The Sounding of the Whale
  • Language: en
  • Pages: 824

The Sounding of the Whale

Explores how humans' view of whales changed from the nineteenth to the twentieth century, looking at how the sea mammals were once viewed as monsters but evolved into something much gentler and more beautiful.

Current Catalog
  • Language: en
  • Pages: 1442

Current Catalog

  • Type: Book
  • -
  • Published: 1983
  • -
  • Publisher: Unknown

First multi-year cumulation covers six years: 1965-70.

Life on Ice
  • Language: en
  • Pages: 318

Life on Ice

After the atomic bombing at the end of World War II, anxieties about survival in the nuclear age led scientists to begin stockpiling and freezing hundreds of thousands of blood samples from indigenous communities around the world. These samples were believed to embody potentially invaluable biological information about genetic ancestry, evolution, microbes, and much more. Today, they persist in freezers as part of a global tissue-based infrastructure. In Life on Ice, Joanna Radin examines how and why these frozen blood samples shaped the practice known as biobanking. The Cold War projects Radin tracks were meant to form an enduring total archive of indigenous blood before it was altered by t...

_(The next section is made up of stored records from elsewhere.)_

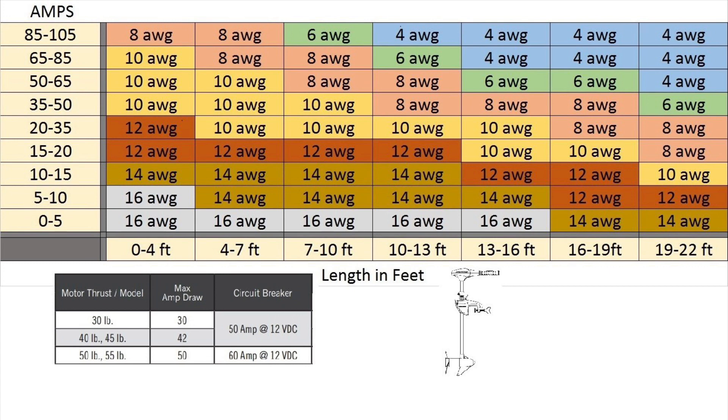Here's our first example of what wire to use on an electric engine. We have three different models — one will take 30 amps and the bigger one will take 50 amps. Let's go back to the smaller engine where the max amp draw is 30. Since we know it's 30, we're going to go to the row that says between 20 and 35 amps, where we see the red and green arrow.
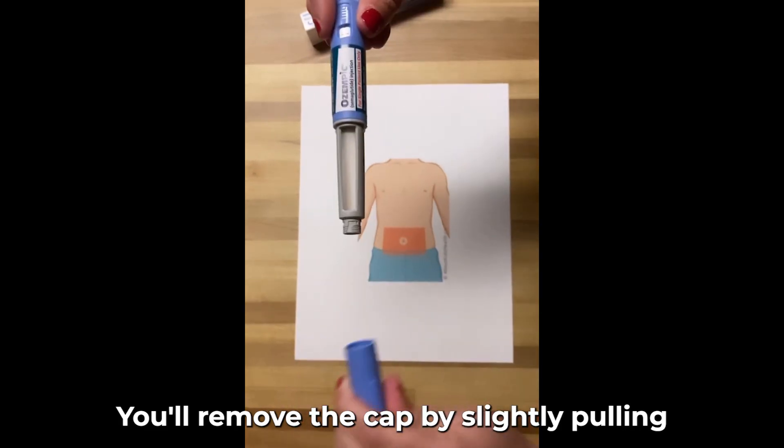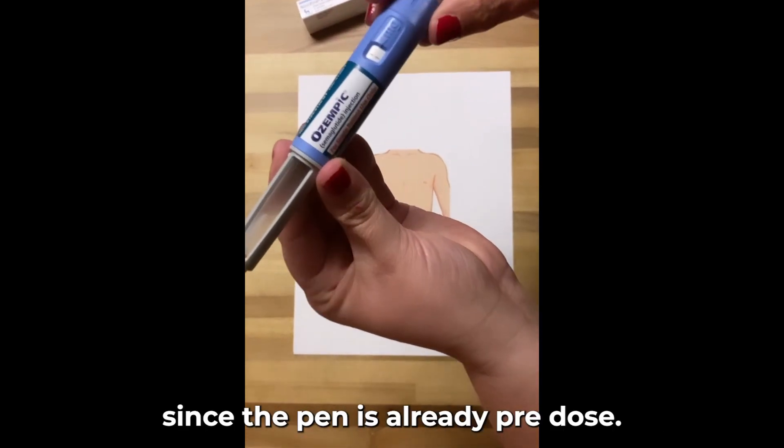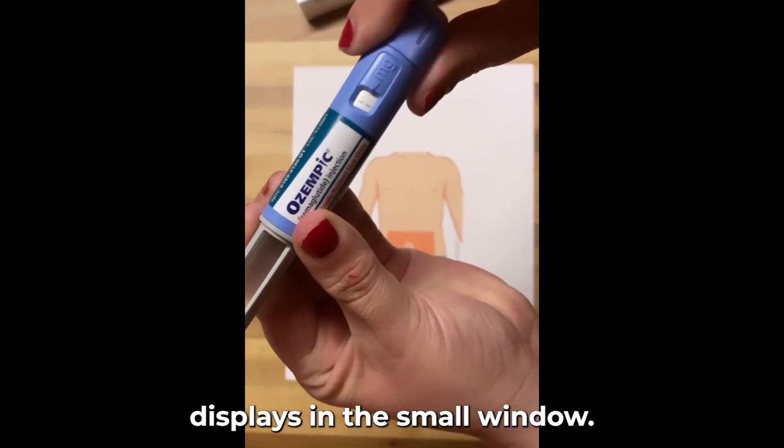You'll remove the cap by slightly pulling. Since the pen is already pre-dosed, you'll just need to turn the dial until your dose displays in the small window.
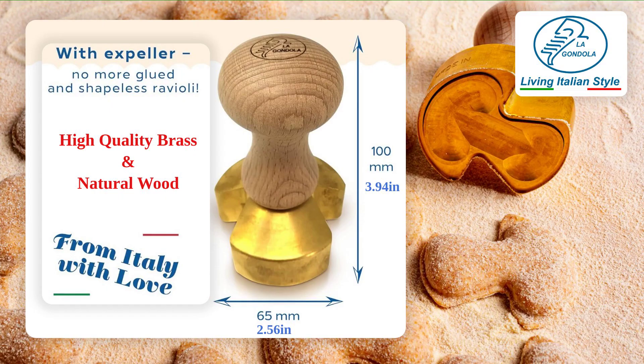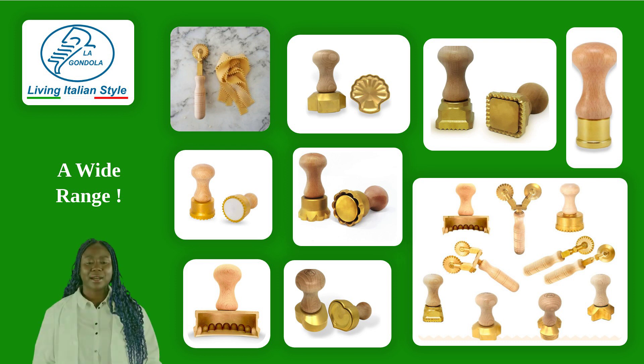The brass pasta cutter is sturdy and durable, while the natural wood handle provides a comfortable grip and adds a touch of elegance to your kitchen. With so many options to choose from, you can create a variety of ravioli shapes and sizes to suit any recipe or occasion.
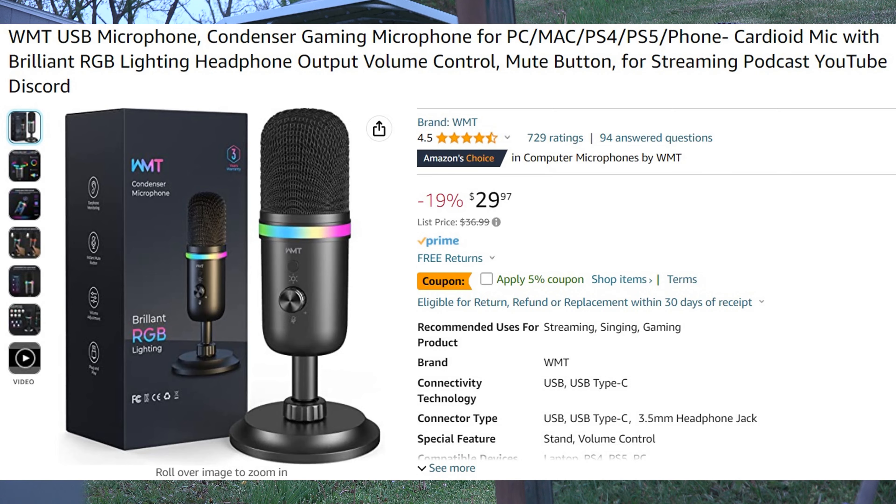Also, I got this new microphone — please let me know how it sounds. It is linked in the description below if you want to check it out.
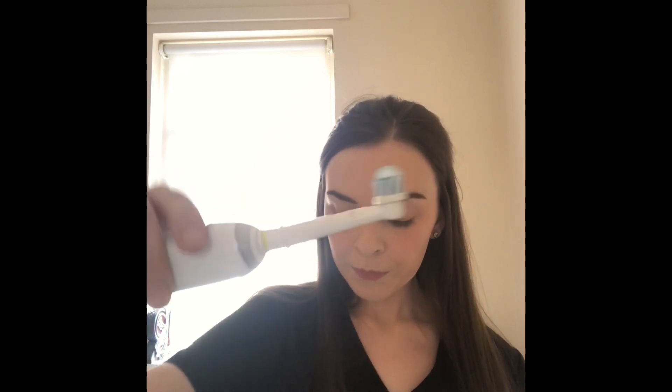So when you brush your teeth, I want you to put a pea-sized amount on — just about this much, not too much. When you start, make sure you get that angle up towards the gum and down towards the gum, and I want you to go in a circle as well. Full two minutes — mine has a timer built in, so let's just get started.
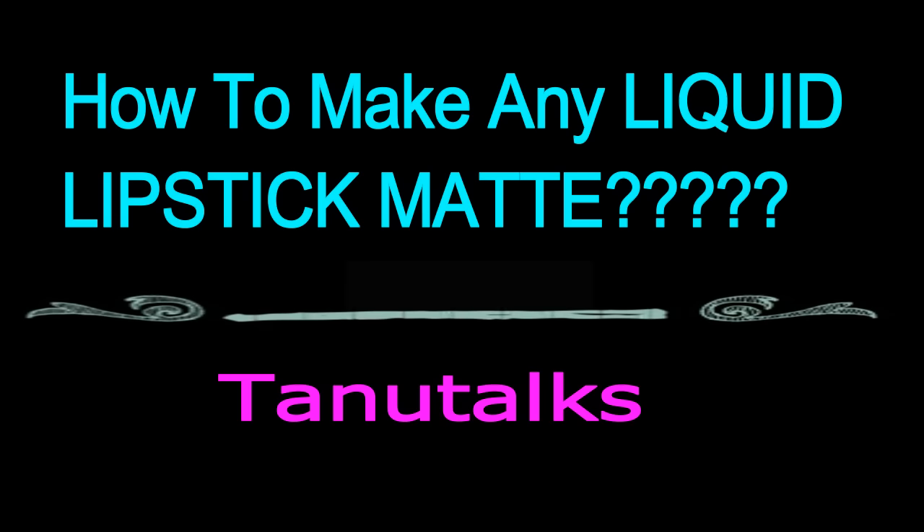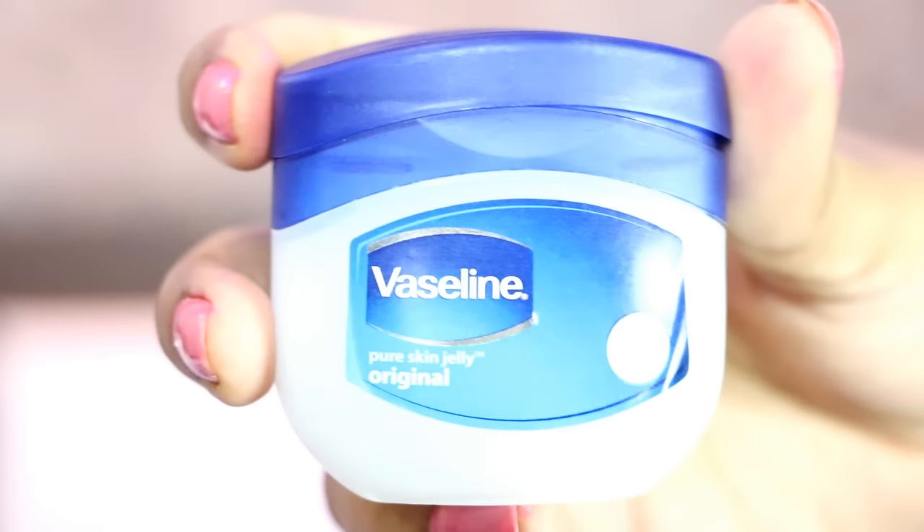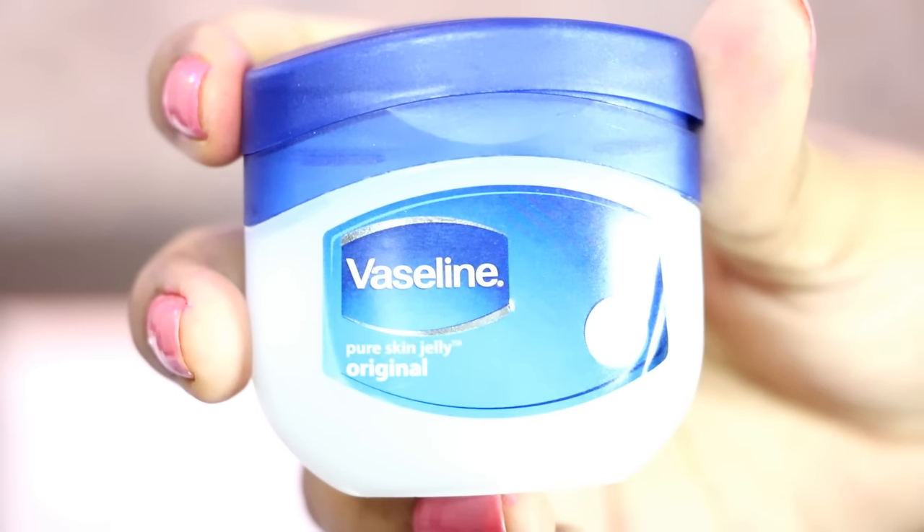Hey guys, welcome back to my channel Tano Docs. In today's video I'm going to show you how you can transform your liquid lipstick into matte. The very first thing we need is a Vaseline or any lip balm, just to moisturize or prep your lips. This step is really important before applying any lipstick.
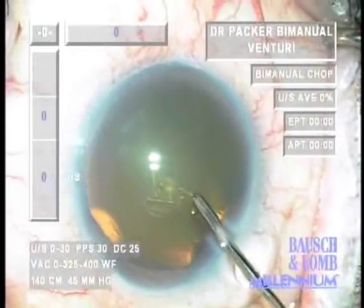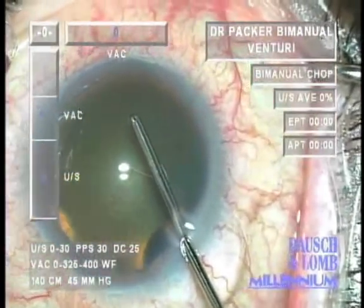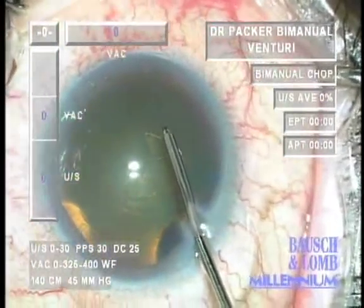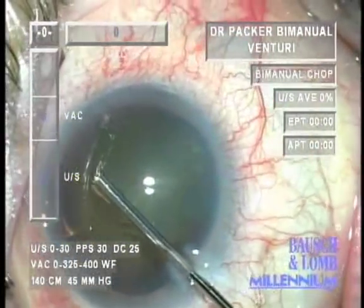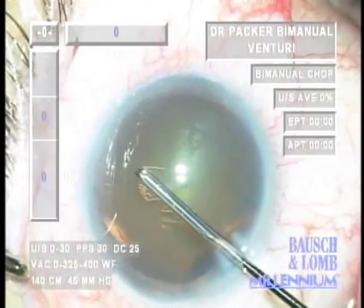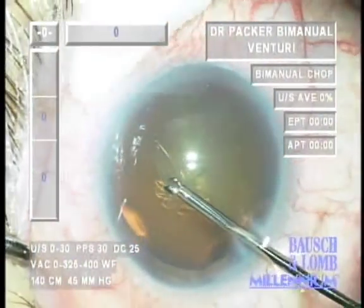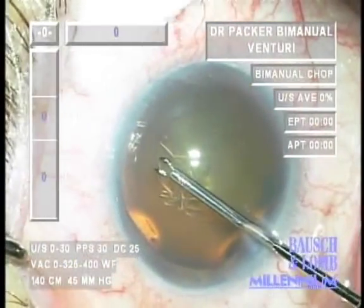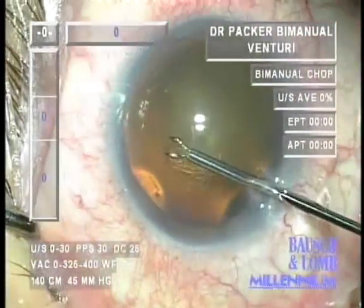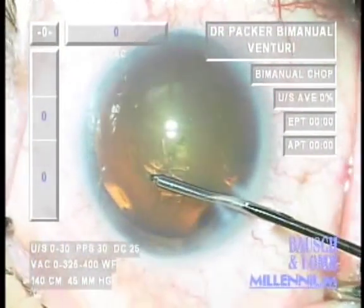One of the steps of surgery in which these microincisions add to control is the capsulorexis. Through a 2.5 or 3 millimeter clear corneal incision using Utrata forceps, it's very common for viscoelastic to burp out of the incision with subsequent shallowing of the anterior chamber and loss of control of the capsulorexis. With this sub-1 millimeter incision, minimal viscoelastic is able to egress during maneuvers and therefore the chamber remains absolutely steady. This allows custom design of the capsulorexis — whatever size chosen, perfectly round, without any loss of stability or control.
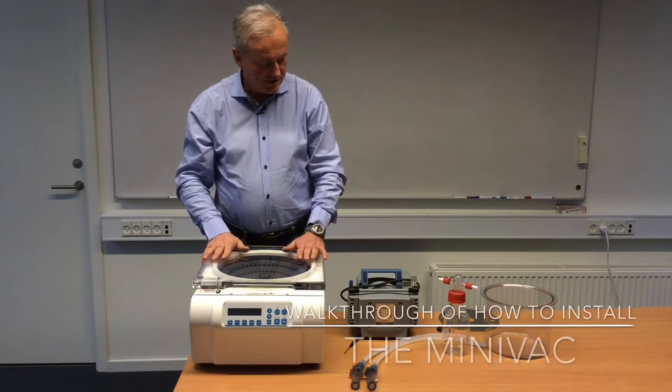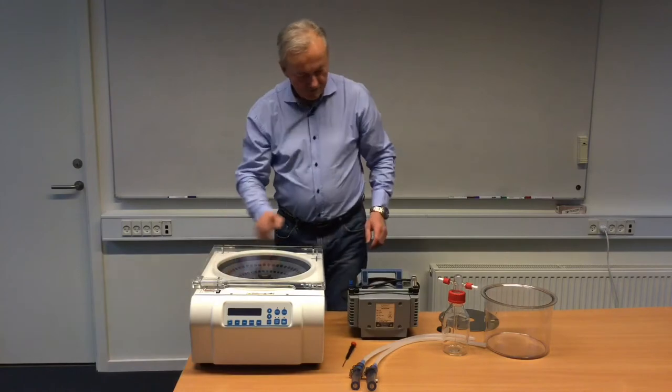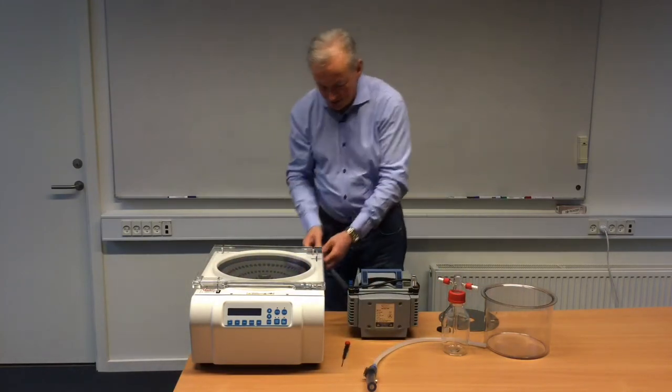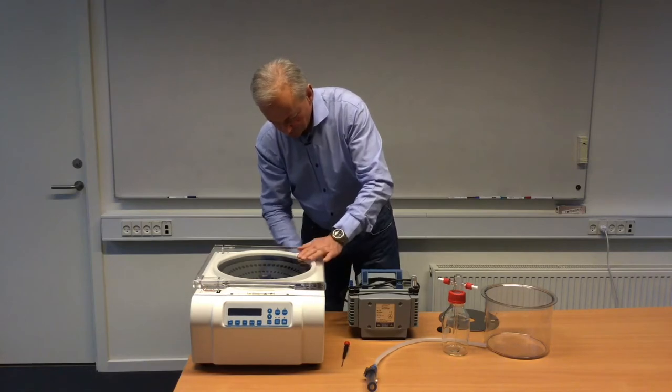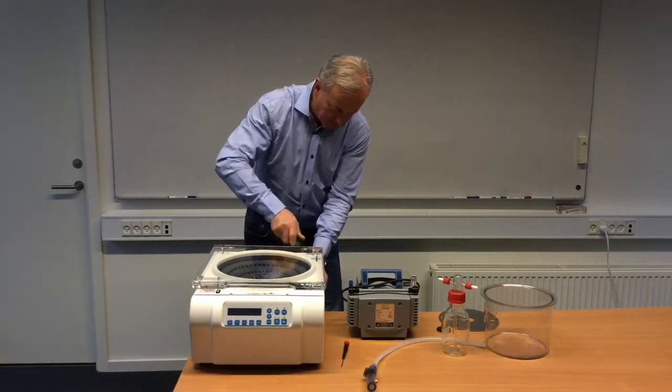We will now start the assembling of the unit so we can get it ready to work. First we have two hoses. One will fit at the back of the ScanSpeed 32, and you tie that on using a screwdriver.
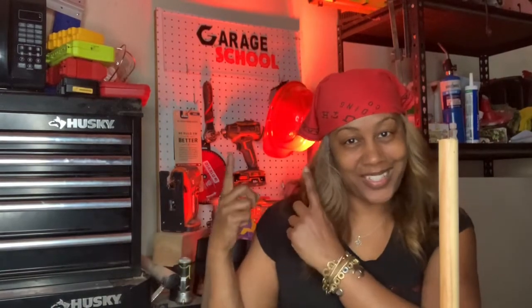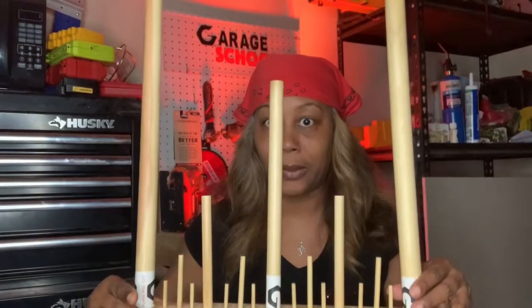A few folks have decided to join me in garage school. I'm going to teach you how to read a tape measure down to the fraction of an inch — to the 16th — in less than 60 seconds. I've made this nifty little tool that's going to help you learn how to measure down to the 16th of an inch.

Physiology in the American Context, 1850-1940
  • Language: en
  • Pages: 403

Physiology in the American Context, 1850-1940

  • Type: Book
  • -
  • Published: 2013-05-27
  • -
  • Publisher: Springer

A study of physiology in America, this places the development of American physiology in the cultural context of the period. Divided into three parts, the book covers social and institutional history; physiology in relation to other fields; and instruments, materials and techniques.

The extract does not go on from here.